NFC is Ready For Prime Time, but Merchants and Consumers are Standing By
Mobile in-store shopping hasn't translated into mobile in-store paying. Seventy-two percent of smartphone-owning US online adults have used their phone in-store as a "trusted advisor," to check prices, find product information, or locate an item, but meanwhile adoption rates of Apple Pay still hover around 5% for eligible transactions*.  In the past year, two market factors started to shape the next phase for mobile payments in-store. First, tech giants like Apple, Google, and Samsung released new NFC-based payment systems. Second, in an effort to avoid new fraud liability with the EMV liability shift, US retailers began implementing new EMV terminals that are also NFC ready.
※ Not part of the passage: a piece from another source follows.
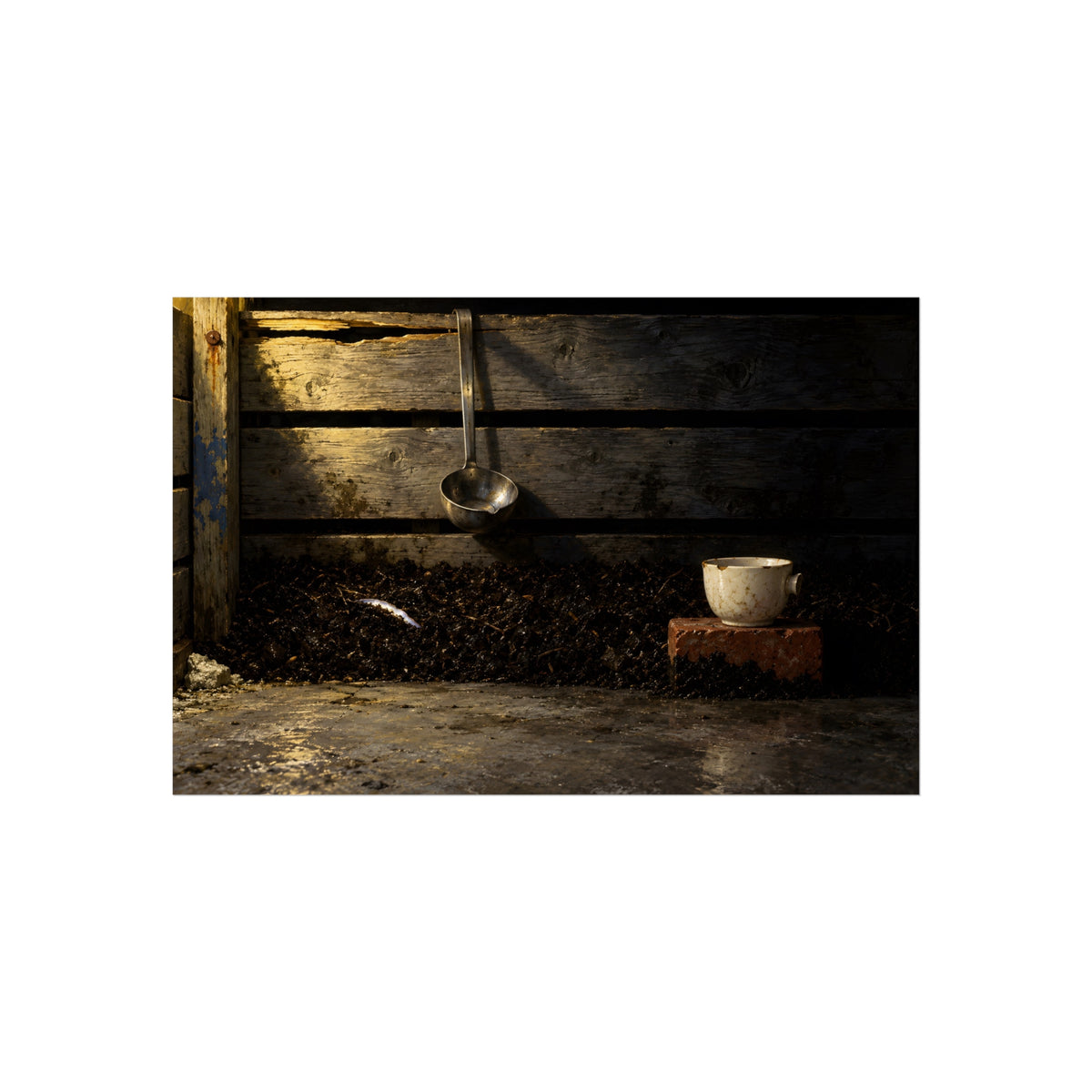 "The Oyster's Edge": A Garabaggio Fine Art Print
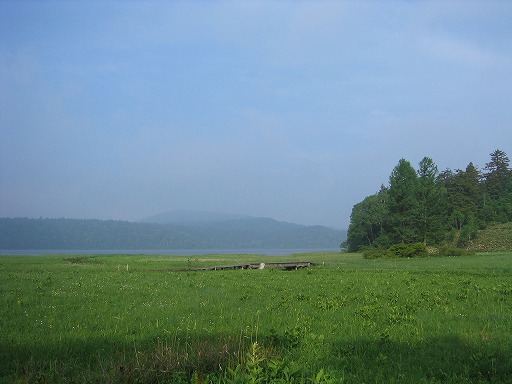 oze88.jpg(49271 byte)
Yet despite consumers having the right technology in hand — and merchants now technically ready to use that technology for mobile payments in-store — consumers haven't changed their tried and true payment behavior.  
 
Merchants Need to Take The Reins
Merchants who have NFC can bridge the gap by being much more proactive in getting consumers to try "tap and pay" at the POS.  The mobile payment systems:Apple Pay, Android Pay, Samsung Pay and PayPal  have made strides to make the act of paying simple, but more needs to be done at the merchant to fully crack the convenience code.  Forrester has a framework called the Convenience Quotient**: to be fully adopted, any new product’s benefits have to be greater than its barriers to use.   Most merchants who have NFC still have not overcome the convenience quotient and therefore consumers default to their plastic card.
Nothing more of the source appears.